View Full Version : Lt. who robbed ship fell for e-mail scam

07-06-07, 06:07 AM
Lt. who robbed ship fell for e-mail scam
By Gidget Fuentes - Staff writer
Posted : Friday Jul 6, 2007 6:30:14 EDT

SAN DIEGO - A Navy supply corps officer on the frigate McClusky who pleaded guilty to stealing money from his ship's safe will be confined in the brig and could be dismissed from the service.

Lt. Milton T. Guy, who was the ship's disbursing officer, received a 28-month sentence and a $14,000 fine after he pleaded guilty June 26 to wrongful appropriation, dereliction of duty and making a false statement, according to an article in the San Diego Union-Tribune.

Guy pleaded guilty and was sentenced after a general court-martial, said Walter T. Ham IV, a Navy Region Southwest spokesman.

The Union-Tribune, citing court documents, said Guy took the money to use as payments to collect a $260,000 inheritance he believed was owed to him. The purported inheritance, however, was part of an Internet scam pitched by a man named Barnabus, who in e-mails and telephone calls to Guy contended that he represented the Nigerian government and claimed he was handling the disposal of a $2.6 million estate belonging to a Mark Guy.

According to documents, Guy stole small sums of money, in total around $120,000 to $140,000, out of the McClusky's funds from October 2004 to July 2005, and he sent most of the money to Barnabus although he used several thousand dollars to buy a laptop computer and to put a down payment on a car and a deposit on an apartment, according to the newspaper.
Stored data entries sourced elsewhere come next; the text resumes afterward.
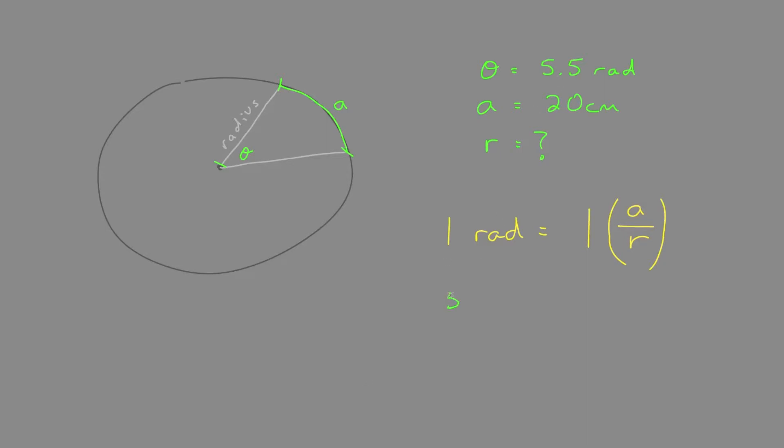We're given 5.5 radians equals 20 centimeters over r radius. r equals 20 divided by 5.5, which is 3.6 centimeters.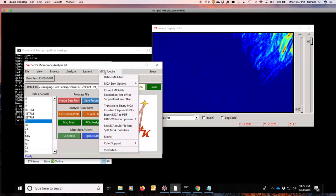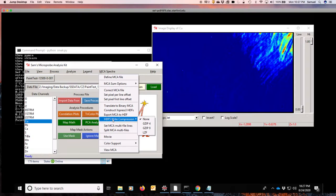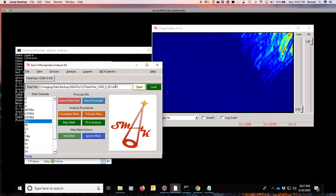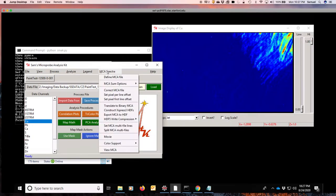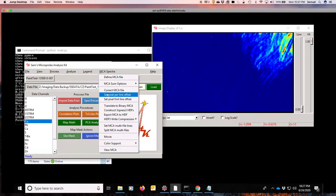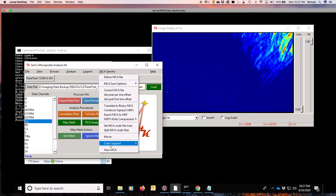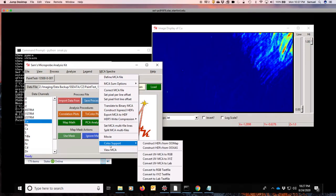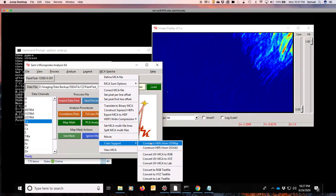I'm going to come here and use a higher degree of compression so we save some disk space. I'll use the GZIP9 for doing this. And just like before when we would construct an Xpress3 HDF, we will now go down to the color support menu and we will construct an HDF from the Ocean Optics maps.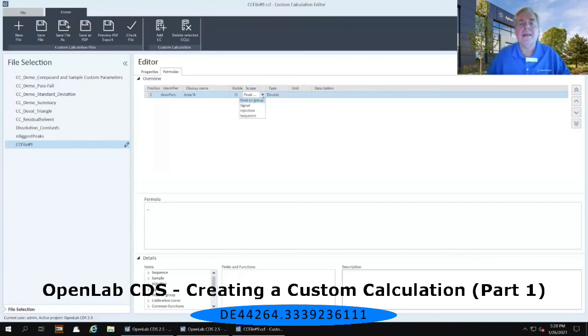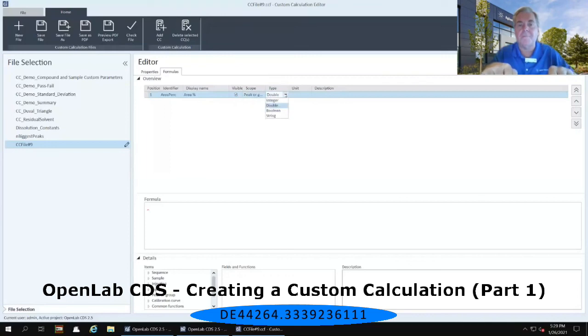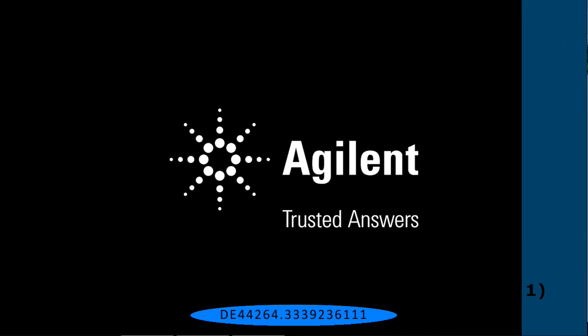Then we have the type here that is set currently to double. That if I use that pull-down menu again, it will show me that I have options of integer, double, boolean, or string.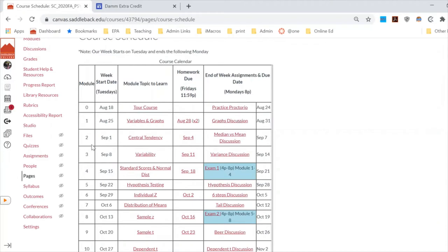So the pattern each week is: it starts on a Tuesday, you have learning material, homework due on Friday, and a discussion due on Monday. On the weeks where we have an exam, you don't have a discussion due because you have an exam due in that time.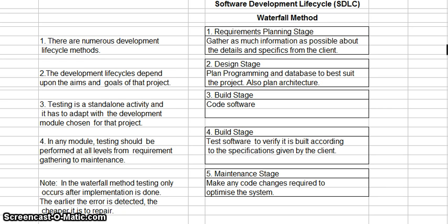The third stage is the build stage, where the software is actually coded — where the computer programmers actually write the software. The fourth stage is the test stage, where you verify the software is built according to the specifications given by the client. The fifth stage is the maintenance stage, where you make any code changes required to optimize the system.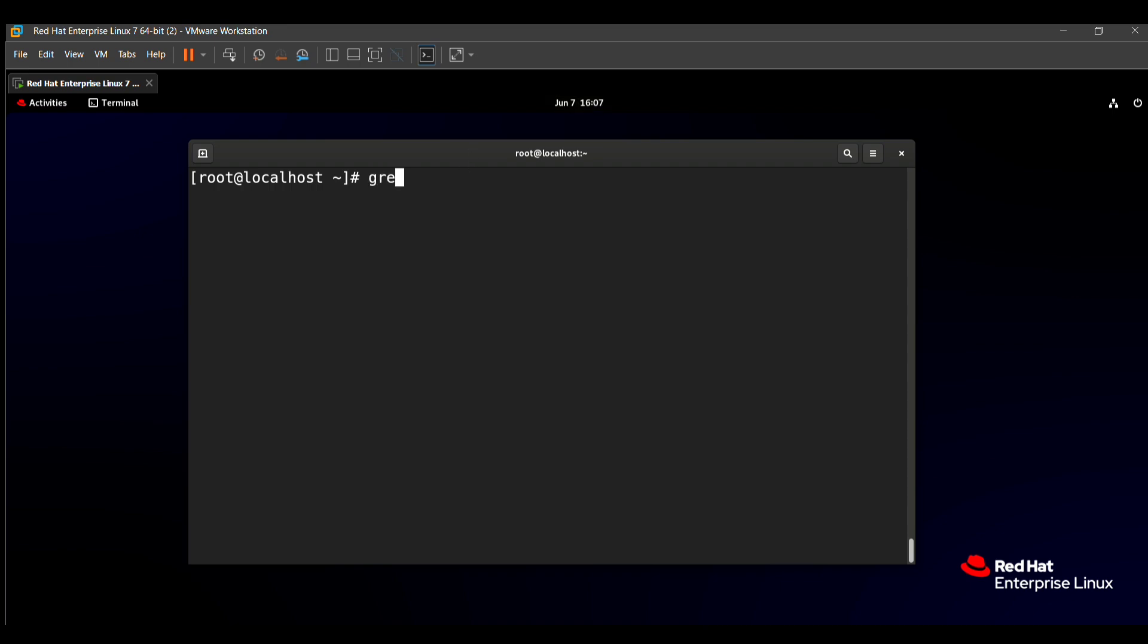So grep -i and in which word we will find ich word. That's why I'm putting this in double inverted commas. After that, in which directory you can find this ich word? In the /usr/share/dict/words directory we need to find this.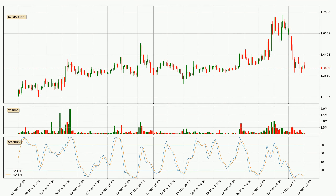Moving to the three hourly stochastic RSI, we can see that the crypto is being oversold because the %K and %D lines are in the lower region. A change in the trend can be expected or for the crypto to remain at least stable for some time. The trend has shifted upwards because the K line is currently located above the D line.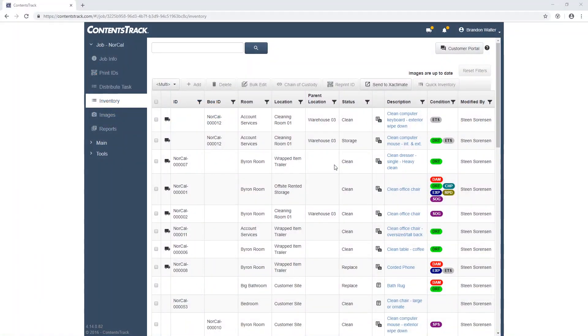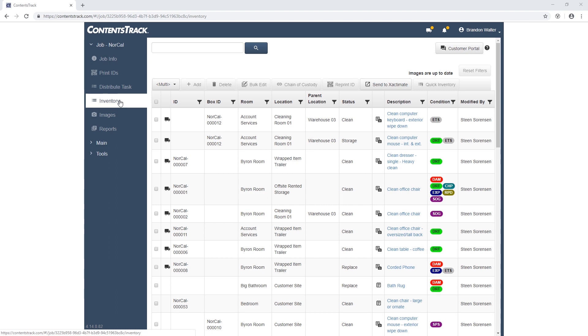In this video, we're going to go over how to send an inventory to Xactimate from Contents Track. Once we get inventory online, there are three things you can do. The first thing is we can export to Xactimate for an estimate so that those Xactimate line items that we captured on-site can be merged with the existing price list in Xactimate.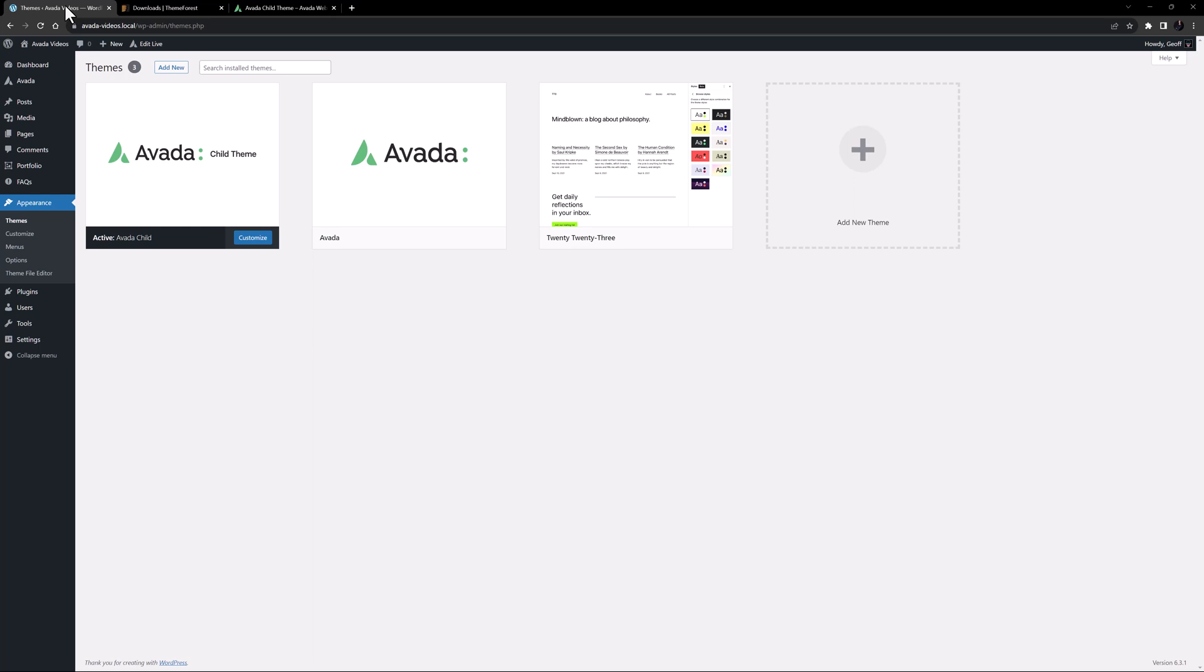Child themes are also not for everyone. With the vast possibilities within the Avada builder, Avada layouts, and global and page options, many users will not have a need for a child theme at all, or the code knowledge to use them much.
A May 2006 audit by the U.S. Pacific Fleet found that money was missing from the McClusky's accounts.

Cmdr. Jane Campbell, a spokeswoman for Naval Surface Forces in Coronado, Calif., said that the Navy uses routine audits to help keep ship's funds secure. "It is the checks and balances that we have throughout the fleet that precludes people from being able to get away with this," Campbell said.

With the new Navy Cash financial system, the Navy's ships are moving away from keeping large sums of cash aboard in favor of an electronic, cashless system.

"Navy Cash is a great new program that is being implemented across the fleet," she said. "It's the way now that we are keeping much less cash in the ships in general."

Internet scams such as the so-called "Nigerian letter" are well-known schemes that have exploded with the rise of spam e-mails. Such e-mails claim that the recipient is owed large sums of money that require a transferring of funds before the full amount can be collected, and other scams include seemingly dire requests for financial help.

"It is incumbent upon everybody to be too cautious," Campbell said. "If it's too good to be true, it probably is."